Street memo
By Leo Shane III, Stars and Stripes
Pacific edition, Friday, June 17, 2005
WASHINGTON — Several parents of soldiers killed in Iraq visited Capitol Hill on Wednesday to ask for congressional hearings on the Downing Street memo, which one mother called President Bush’s “Watergate.”
Critics say the document, which contains minutes from a meeting in July 2002 between British Prime Minister Tony Blair and top aides, shows that Bush was determined to go to war with Iraq and ignored evidence that showed the country had no weapons of mass destruction.
“Military action was now seen as inevitable,” the memo reads. “Bush wanted to remove Saddam, through military action, justified by the conjunction of terrorism and WMD. But the intelligence and facts were being fixed around the policy.”
The memo was first revealed by the Sunday Times of London in May.

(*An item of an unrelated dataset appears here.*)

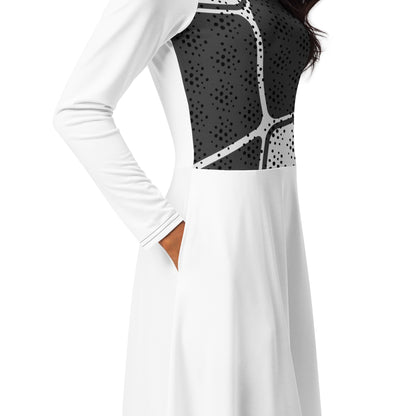 Langärmliges Midikleid mit Allover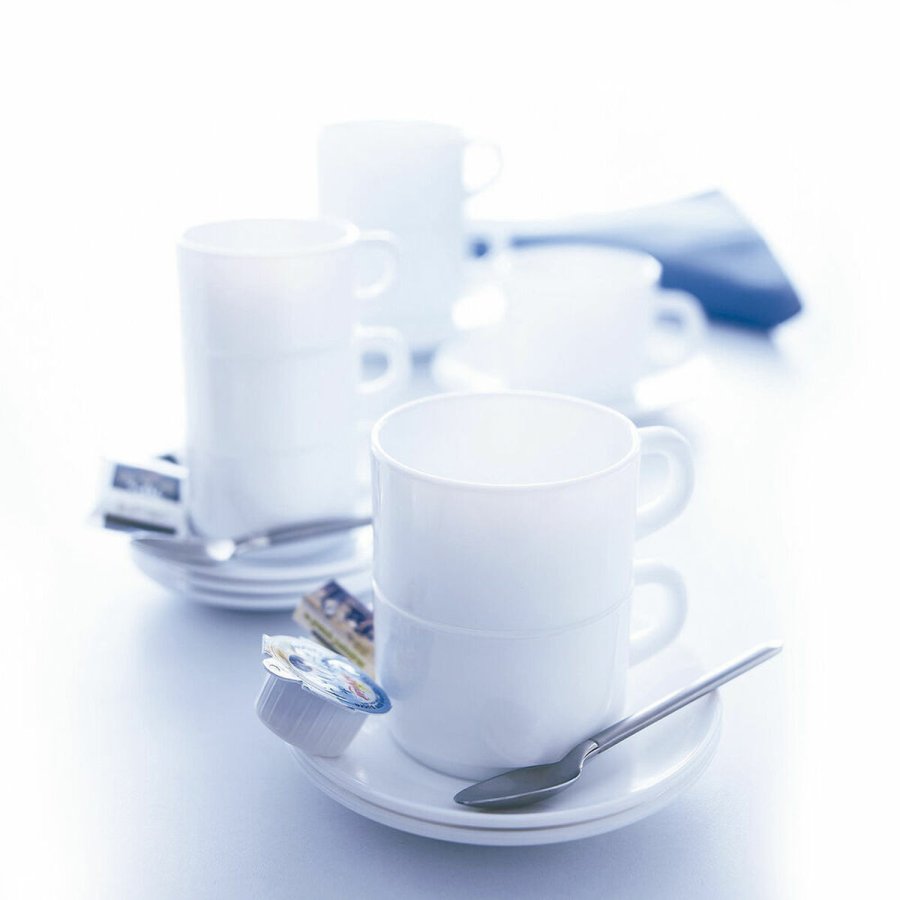 Set med kopper Luminarc Apilable Hvid 280 ml Kan stables (6 enheder) #7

Earlier this month, both Bush and Blair dismissed the accusations, saying that the war in Iraq was justified because Saddam Hussein was ignoring international law.
But members of Military Families Speak Out, whose members are relatives of troops killed in Iraq, said Congress must investigate whether the president lied to the country to justify military action.
“This war was based on lies and deception,” said Celeste Zappala of Philadelphia, whose son was killed in April 2004 while providing security for investigators searching for WMD. “The only way we can understand how we’ve come to this disastrous position is to find out what the truth is.”